NASA-Tensegrity-Robotics-Toolkit / NTRTsim

The NASA Tensegrity Robotics Toolkit Simulator, a physics based simulator to research the design and control of tensegrity robots.
Apache License 2.0
161 stars 81 forks source link

Automated Integration Tests #140

Open brtietz opened 9 years ago

brtietz commented 9 years ago

Recent commits broke the integration tests on master (handling the fix off list). In order to make those tests a little more useful, would it be possible for buildbot to run them on a regular interval? I understand every build is too frequent, but maybe within 24 hours of a new build (or every 24 hours if that's easier)? Currently they take 30 - 45 seconds to run, depending on the machine.
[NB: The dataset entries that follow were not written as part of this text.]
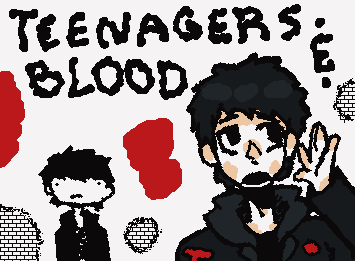 Gee's B-Day ~ Teenagers & Blood ⭑.ᐟ
🩸 ❯❯❯ My Chem Post No. 22
FINALLY IM DONE OH GOD FINALLY IM FREEEEE dont get me wrong i luv drawing gee but oh GOD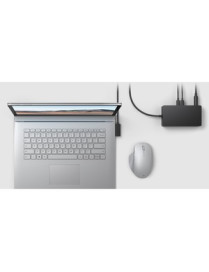 Microsoft Surface Dock 2 - for Notebook/Desktop PC/Smartphone/Monitor/Keyboard/Mouse - 199 W - 6 x USB Ports - USB Type-C - Netw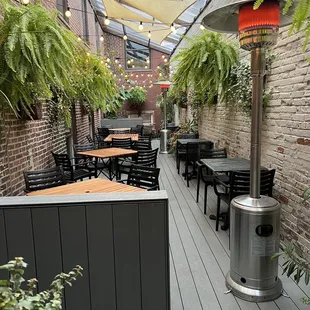 Second floor garden patio seating
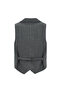 سترة كلاسيكية ضيقة من الصوف مخططة بقصة ضيقة وصدرية مزدوجة - 2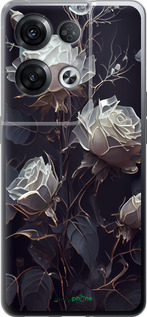 Силиконовый чехол Розы 2 для Oppo Reno8 Pro 5G - 5550u-2615 изображение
One of the tests needs to be updated to the lastest data before it passes, I'll take care of that this week.

PerryBhandal commented 9 years ago

Certainly can.

Let's add a nightly build which does a full build of NTRT source and its libraries (i.e. no cached boost/bullet) then run all unit tests and integration tests. Ideally we should have this run for both OS X and Linux.

I'll try to get the nightly builds that just cover Linux and doing integration tests by this weekend, then when I have more free time (and if we run into further issues where we have OS specific bugs like we're currently seeing) I can add an OS X nightly build.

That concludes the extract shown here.